## [WHAT YOU ARE ASKED TO DO]
Return the material exactly, first line through the line containing "Your loafers don't", and nothing more. Pictures stay out.

## [SUPPLIED DATA]
Content starts

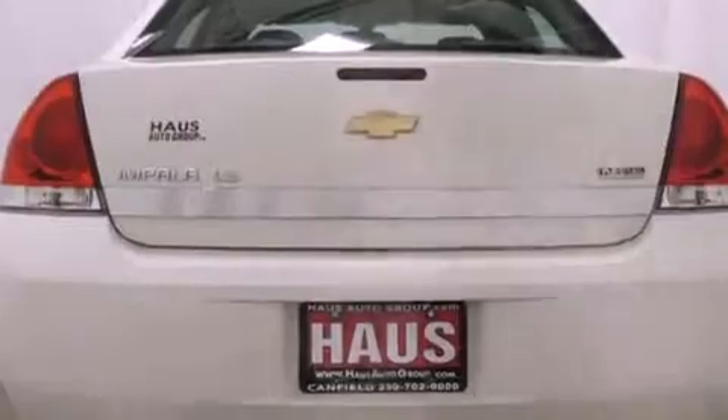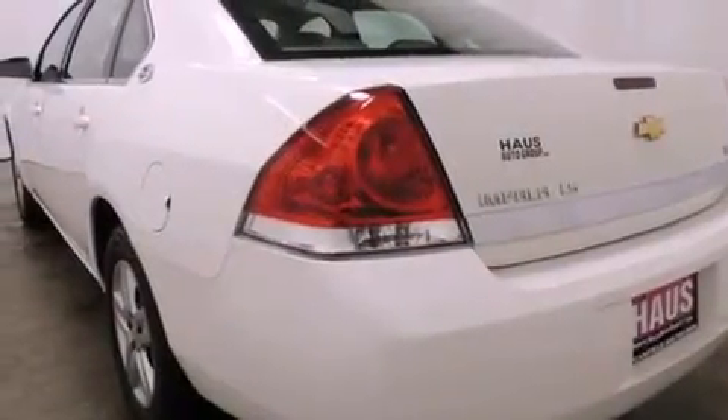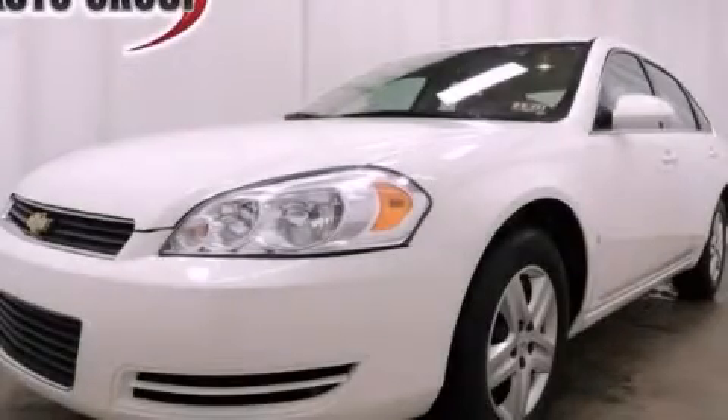With an EPA estimated rating of 29 miles per gallon on the highway, this vehicle is clearly a fuel-efficient choice. Stop by today and test drive this automobile for yourself.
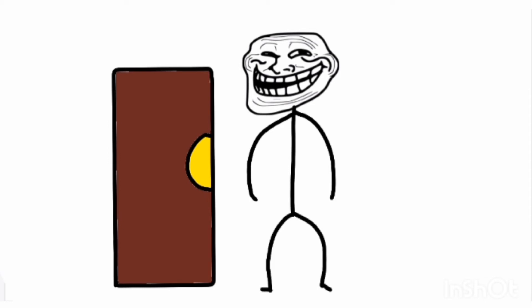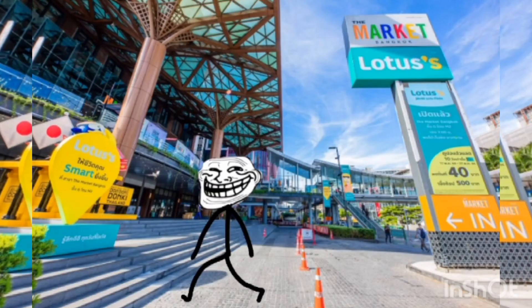How to pin a door that's stuck. Step one, go to market. Step two, there is a special door there. Step three, buy it.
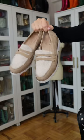Your loafers don't have to be a leather material. I love these suede ones with the sherpa toe — they are so cute and cozy for fall. I paired them with trousers and a jacket.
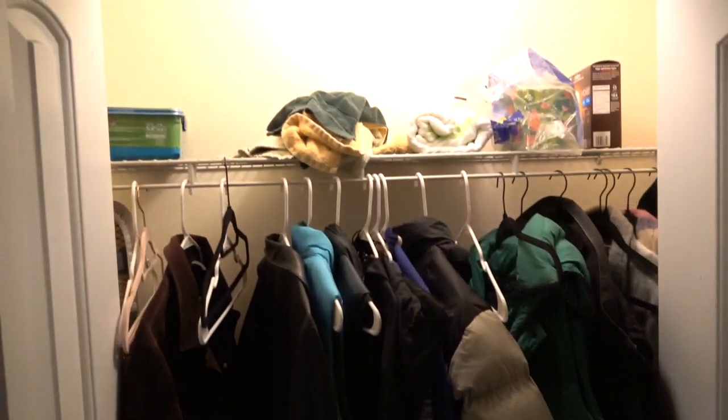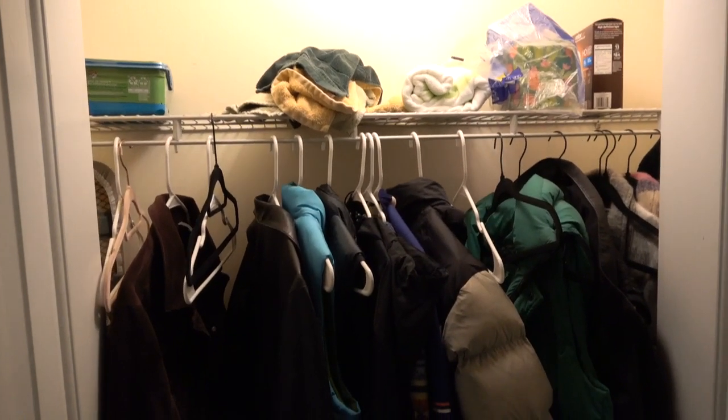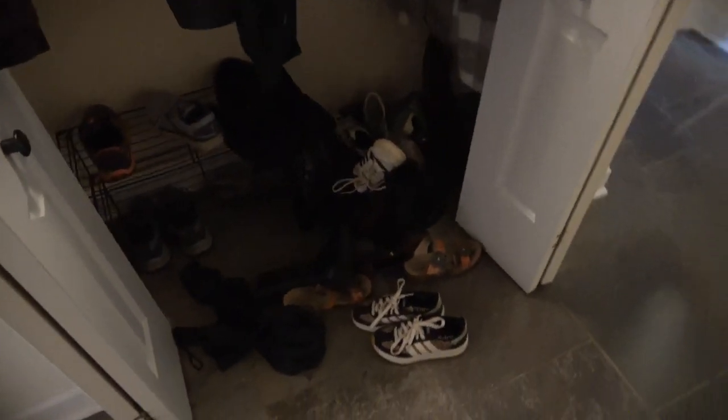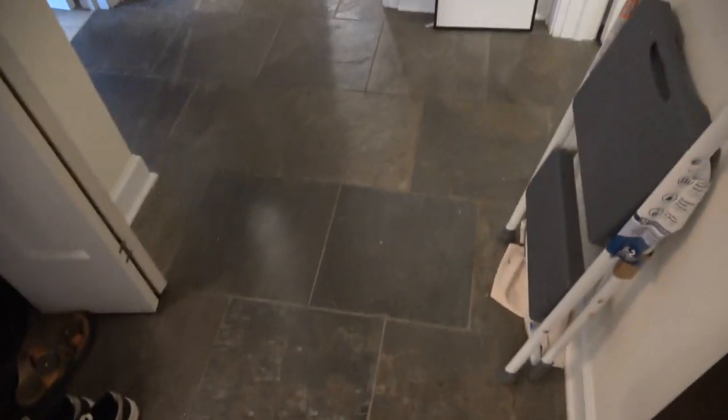Immediately as we come in, we see an entry closet that's about four feet wide with a hanging barn shelf and its own lighting fixture — not quite two feet deep, but an excellent entry closet. The entry is a slate floor, which is really good — you don't get it dirty.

Content ends

## [EXPECTED ANSWER]
With an EPA estimated rating of 29 miles per gallon on the highway, this vehicle is clearly a fuel-efficient choice. Stop by today and test drive this automobile for yourself.
How to pin a door that's stuck. Step one, go to market. Step two, there is a special door there. Step three, buy it.
Your loafers don't have to be a leather material. I love these suede ones with the sherpa toe — they are so cute and cozy for fall. I paired them with trousers and a jacket.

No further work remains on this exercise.